William Schmidt seemed to have no chance. Not just to be an MLB Draft prospect, but to even make his high school team.

Schmidt was too short, too skinny. He was in a room of about 100 hopefuls trying to land one of about 18 spots on the competitive Catholic High School baseball team in Baton Rouge, La. A room full of kids who had hit puberty by eighth grade towered over him.

But Schmidt did make the team by throwing strikes at the tryout. Then he had a growth spurt of his own – a big one, in fact.

Now, he’s the one towering over people -- a 6-foot-4, 180-pound right-hander with a power arsenal that has made him the top right-handed prep pitcher (and No. 16 overall) on MLB Pipeline’s 2024 Draft Prospects list.

“If you had told me two years ago that any of this would have been possible,” said the 18-year-old Schmidt, “I would have been shocked.”

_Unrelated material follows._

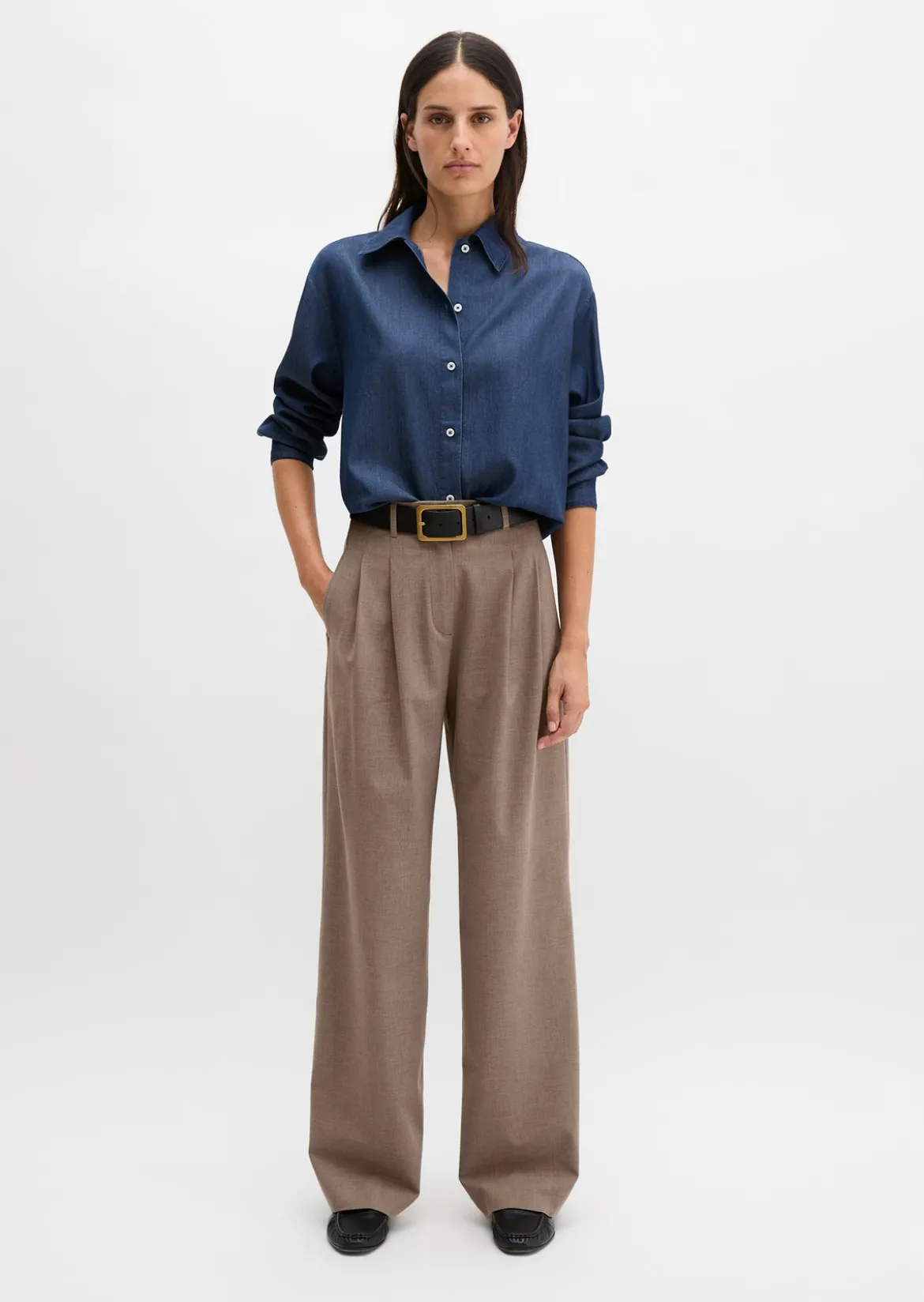 Jeansbluse regular aus TENCEL™ Lyocell-Baumwolle-Mix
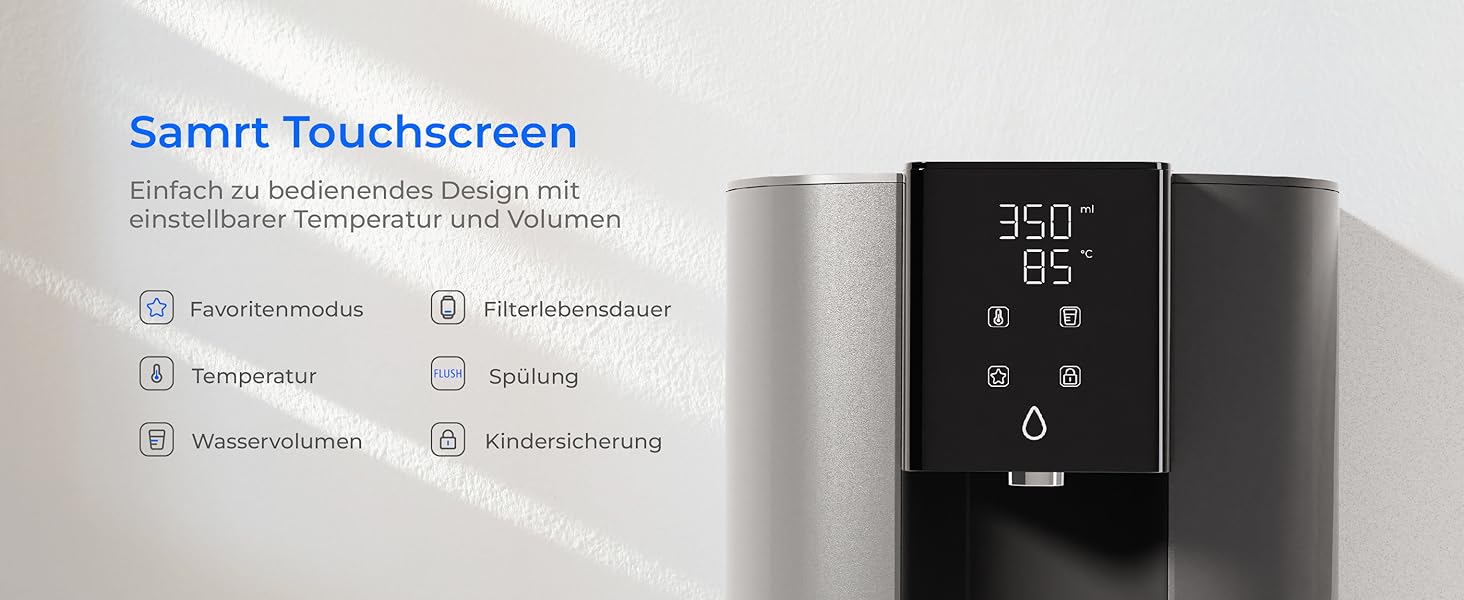 Система зворотного осмосу Waterdrop CoreRO для встановлення на стільницю з миттєвим гарячим водопостачанням, 5 температурних опцій, 6-ступенева фільтрація, 3:1 чиста вода до відпрацювання, зменшує PFAS, без встановлення, WD-C1H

It was after his freshman year that Schmidt had the spurt that sent him on a new trajectory. His mother’s side of the family is short, his father’s side of the family is tall, and, to that point, he had just assumed that the maternal influence was particularly – and, for an aspiring ballplayer, frustratingly – strong.

Then he sprouted eight inches in a single summer.


“Size, weight and strength,” he said.

That’s how a fastball that sits in the mid-90s and touches 99 (now, the only place Schmidt comes up frustratingly short is in the hunt for that inevitable triple-digit heater) was born. And that’s not even Schmidt’s best pitch. His low-80s curveball is considered the best in the entire Draft class.

But Schmidt’s best attribute might be less his power arsenal and more his poised approach. In a mound setting and an interview setting, he comes across as one chill dude. When asked, for instance, about the scouts who packed the stands his senior year, he said he saw it as a reward for his hard work, not pressure.

“I am a super calm and collected person,” he said. “I don't really get fired up about anything. Some guys try to get amped up and maybe throw it harder. I figured out that, for me, that just doesn't work. I just have to stay who I am and be me.”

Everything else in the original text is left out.